I know you are wondering why this article appears in the company newsletter.
In the states of Missouri, Kansas, and Iowa collecting food scraps to be fed to
pigs is illegal. As of this writing could not get any information from the states
of Oklahoma or New Mexico. Based on the information collected, do not give food
scraps to individuals for use of feed for pigs (swine).
In the State of Texas, any person, restaurant, food facility for schools, hospitals,
and institutions may not provide meat, meat scraps, plate scrapings, and any products
seasoned with animal products for feeding to pigs. If you have a farm or person
collecting scraps from your facility to feed pigs, in Texas you must cease this
practice.
The reason for this change in policy in Texas is due to FOOT AND MOUTH DISEASE.
By not feeding meat, meat scraps, plate scrapings, and any products seasoned with
animal products to pigs, HOG CHOLER AND FOOT AND MOUTH DISEASE will be prevented
by these products.
In Texas any person violating this new law will be fined up to $500 per offense.
The only food waste that may be provided for pig (swine) feeding are: fruits,
raw vegetables, vegetables not cooked with bacon or any other meat seasonings,
bread, bakery goods, and milk products.
The reason that plate scrapings are not to be fed to pigs (swine) is that even
if they are fruits, vegetables, bread, bakery goods, and milk products they can
be contaminated by meat products or meat seasonings or meat by products.
Texas Food Service Directors
Beware
You can be fined $500
In this month's study of food safety we are going to review Clostridium Botulinum.
All information is from the U.S. Food & Drug Administration, Center for Food
Safety & Applied Nutrition.
Clostridium Botulinum
Clostridium botulinum is an anaerobic, gram-positive, spore-forming rod that
produces a potent neurotoxin.

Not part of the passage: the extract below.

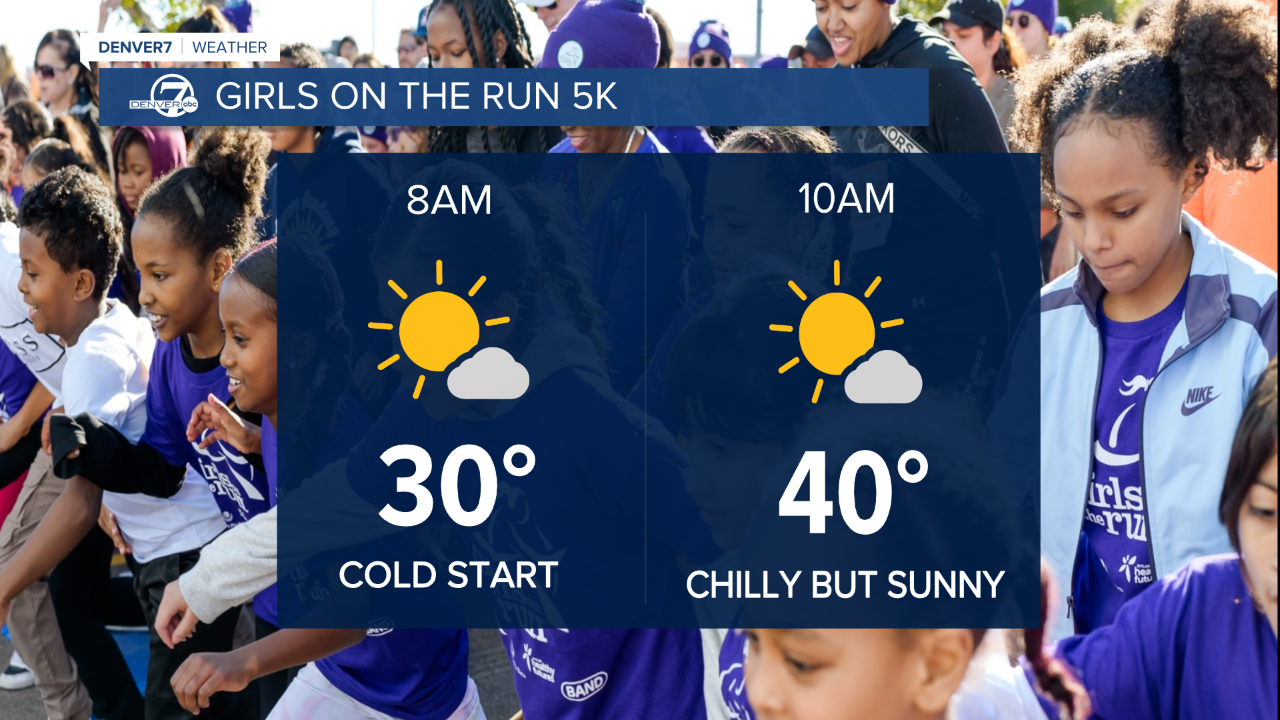 Girls on the run forecast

The spores are heat-resistant and can survive in
foods that are incorrectly or minimally processed. Seven types ( A, B, C, D, E,
F, and G ) of botulism are recognized, baseed on the antigenic specificity of
toxin produced by each strain. Types A, B, E, and F cause human botulism. Types
C and D cause most cases of botulism in animals. Animals most commonly affected
are wild fowl and poultry, cattle, horses and some species of fish. Although type
G has been isolated from soil in Argentina, no outbreaks involving it have been
recognized.
Foodborne botulism ( as distinct from wound botulism and infant botulism )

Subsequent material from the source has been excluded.